Informing police authorities, the elderly stated that the e-mail directed him to provide his password along with his contacts' e-mail ids. And when he gave the information asked, he started getting e-mails his family and friends sent, enquiring about his well-being.

These relatives and friends told the man that e-mails reached them from his id stating that during a physical tussle inside London city, he'd got wounded and so required cash to be wired for him at a particular address of a particular individual.

Incidentally, authorities probing the situation explained about such scams as being difficult to investigate, since people behind them were typically from foreign countries where they set up fake accounts for extracting private details from those they victimized. GrossPointePatch published this.

Disturbingly according to security researchers, the Grosse Pointe inhabitant had been victimized with an e-mail hack as well as the notoriously known "London" e-mail fraud.

This specific electronic mail scam is different in that the fraudsters have managed to infiltrate the account of the victim following gaining access to his password, invade the address book of that person followed with dispatching the fraudulent e-mails (to the relatives and friends). But since the e-mail recipients have a close connection with the victimized individual i.e. the Grosse Pointe resident, they're more likely, in contrast to strangers, for getting deceived with the message, falsely originating from him and thereby getting them to wire cash to the criminals.

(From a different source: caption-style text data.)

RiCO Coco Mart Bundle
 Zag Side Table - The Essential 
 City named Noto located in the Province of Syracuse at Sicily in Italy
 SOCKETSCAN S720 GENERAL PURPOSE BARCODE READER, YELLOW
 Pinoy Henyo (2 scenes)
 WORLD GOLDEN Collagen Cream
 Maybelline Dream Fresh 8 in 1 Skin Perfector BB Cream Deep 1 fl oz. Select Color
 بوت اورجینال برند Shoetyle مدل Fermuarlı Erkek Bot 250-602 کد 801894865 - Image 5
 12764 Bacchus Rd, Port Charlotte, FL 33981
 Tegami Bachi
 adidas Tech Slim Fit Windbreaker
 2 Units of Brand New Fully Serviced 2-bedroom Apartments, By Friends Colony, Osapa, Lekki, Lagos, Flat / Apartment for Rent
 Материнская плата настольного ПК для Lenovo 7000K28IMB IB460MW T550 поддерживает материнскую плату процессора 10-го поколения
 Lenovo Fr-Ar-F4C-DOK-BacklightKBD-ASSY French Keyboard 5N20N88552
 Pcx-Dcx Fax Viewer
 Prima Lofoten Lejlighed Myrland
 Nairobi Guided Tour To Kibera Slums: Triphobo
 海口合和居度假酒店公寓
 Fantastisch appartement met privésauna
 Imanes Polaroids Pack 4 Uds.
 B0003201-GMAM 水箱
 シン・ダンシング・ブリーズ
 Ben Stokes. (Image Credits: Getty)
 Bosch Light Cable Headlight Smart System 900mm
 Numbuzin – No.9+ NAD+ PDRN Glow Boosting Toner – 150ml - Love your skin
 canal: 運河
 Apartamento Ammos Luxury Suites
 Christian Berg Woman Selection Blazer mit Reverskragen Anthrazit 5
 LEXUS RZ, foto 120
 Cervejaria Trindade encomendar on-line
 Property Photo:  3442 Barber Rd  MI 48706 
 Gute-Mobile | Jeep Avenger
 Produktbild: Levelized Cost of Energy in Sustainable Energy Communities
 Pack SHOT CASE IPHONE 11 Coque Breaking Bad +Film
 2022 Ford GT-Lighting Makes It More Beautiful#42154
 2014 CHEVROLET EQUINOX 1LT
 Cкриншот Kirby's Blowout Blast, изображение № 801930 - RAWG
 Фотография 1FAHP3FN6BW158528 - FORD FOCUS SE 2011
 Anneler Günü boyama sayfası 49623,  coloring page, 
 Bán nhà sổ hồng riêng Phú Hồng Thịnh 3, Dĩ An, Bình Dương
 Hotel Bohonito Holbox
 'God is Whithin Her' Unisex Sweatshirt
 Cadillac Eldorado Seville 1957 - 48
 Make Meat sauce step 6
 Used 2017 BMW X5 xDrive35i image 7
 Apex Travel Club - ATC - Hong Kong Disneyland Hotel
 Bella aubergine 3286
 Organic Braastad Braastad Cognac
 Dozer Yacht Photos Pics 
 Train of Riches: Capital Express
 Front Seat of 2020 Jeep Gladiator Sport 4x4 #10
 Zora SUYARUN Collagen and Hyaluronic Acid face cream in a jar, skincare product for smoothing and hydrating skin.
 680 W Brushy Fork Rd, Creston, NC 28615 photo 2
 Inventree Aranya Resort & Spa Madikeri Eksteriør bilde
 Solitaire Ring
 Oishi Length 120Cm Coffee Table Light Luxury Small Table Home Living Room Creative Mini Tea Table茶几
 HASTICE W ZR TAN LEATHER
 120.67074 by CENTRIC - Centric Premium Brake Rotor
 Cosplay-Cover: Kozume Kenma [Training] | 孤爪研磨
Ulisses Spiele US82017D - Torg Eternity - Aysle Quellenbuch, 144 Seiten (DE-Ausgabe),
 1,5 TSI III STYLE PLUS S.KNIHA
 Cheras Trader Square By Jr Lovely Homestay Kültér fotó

Moreover, incase a few e-mail recipients respond carefully, cunning scammers may as well go through the messages in the e-mail account of the victim, get further information regarding him, as also subsequently utilize that information for dispatching persuasive responses that could enhance their scope for defrauding additional contacts of the victim into wiring cash, the researchers elaborate.

Thus for preventing such scams, police authorities and security specialists urge end-users for selecting complicated e-mail passwords that aren't easy-to-guess. Further, those passwords must be altered every month, they recommend.